What do you think? Can a thriller maintain tension if the cause of the four deaths isn't violent or gruesome? I was thinking if no one knows how they die, that would maintain the tension. In other words, someone is stalking cardinals and killing them, probably using some unknown poison. The trick becomes how the Antichrist gets the poison into them without it being obvious.
Thoughts?
Dirk
1,446 2019-09-15 02:20:50
Re: Do I need any commas here? (8 replies, posted in TheNextBigWriter Premium)
Fourteen-year-old Connor sat cross-legged on the ground, watching the early evening sky turn orange with the setting sun.
1,447 2019-09-15 02:05:23
Re: Do I need any commas here? (8 replies, posted in TheNextBigWriter Premium)
Thanks, njc. I need early evening to make it clear to the reader that there is still enough time left for the whole scene to play out (at least an hour before darkness). Needs tweaking. If the (whole) sky is already orange, there isn't enough time. And, yes, watching is better.
Thanks
Dirk
1,448 2019-09-15 00:13:03
Topic: Do I need any commas here? (8 replies, posted in TheNextBigWriter Premium)
Not quite sure I need any commas in this sentence, but I thought I'd ask. Maybe before observing?
Fourteen-year-old Connor sat cross-legged on the ground observing the early evening sky turned orange by the setting sun.
1,449 2019-09-12 22:52:44
Re: An interesting article on comma-then (3 replies, posted in TheNextBigWriter Premium)
I came across this article a few years ago and tried taking it to heart. I switched comma-then to "before" which, technically, solves the problem, but didn't sound natural. As for his reference to the Bronte sisters, he obviously hasn't read Wuthering Heights in a while. The language of literature has changed substantially since then and continues to evolve. Multiple excellent writers on this site have since convinced me that comma-then is just fine.
1,450 2019-09-09 05:05:03
Re: New writer (8 replies, posted in Spirituality & Religion)

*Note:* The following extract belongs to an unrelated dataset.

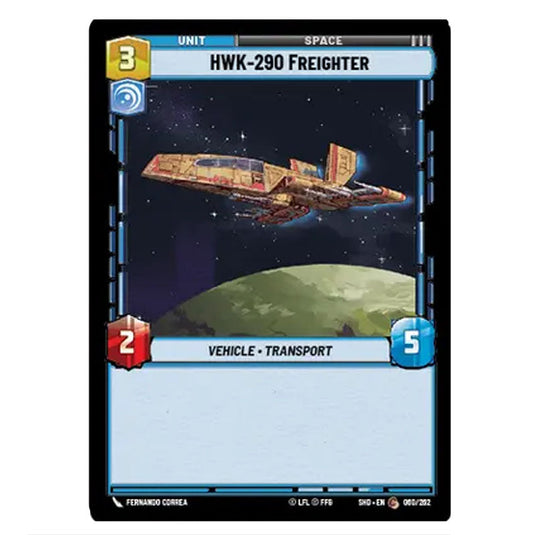 HWK-290 Freighter 60/262 card from the Star Wars Unlimited set Shadows of the Galaxy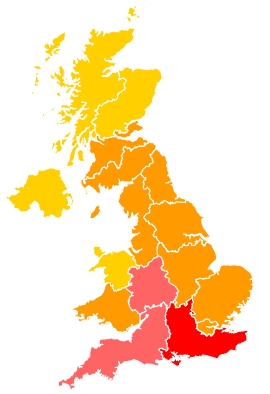 Click on a region for air pollution levels for 21/04/2019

Regrettably, this forum appears to be dead. The original post from Sole Rivets is four years old. One of the active forums is in the Medieval/Fantasy Magic group, which has attracted an eclectic group of writers, including sci-fi, fantasy, and mine, a supernatural thriller. Each member of the forum generally creates a brainstorming thread usually named "story name by author name". We use them ask questions of each other about our stories, and the group usually responds in a reasonable amount of time.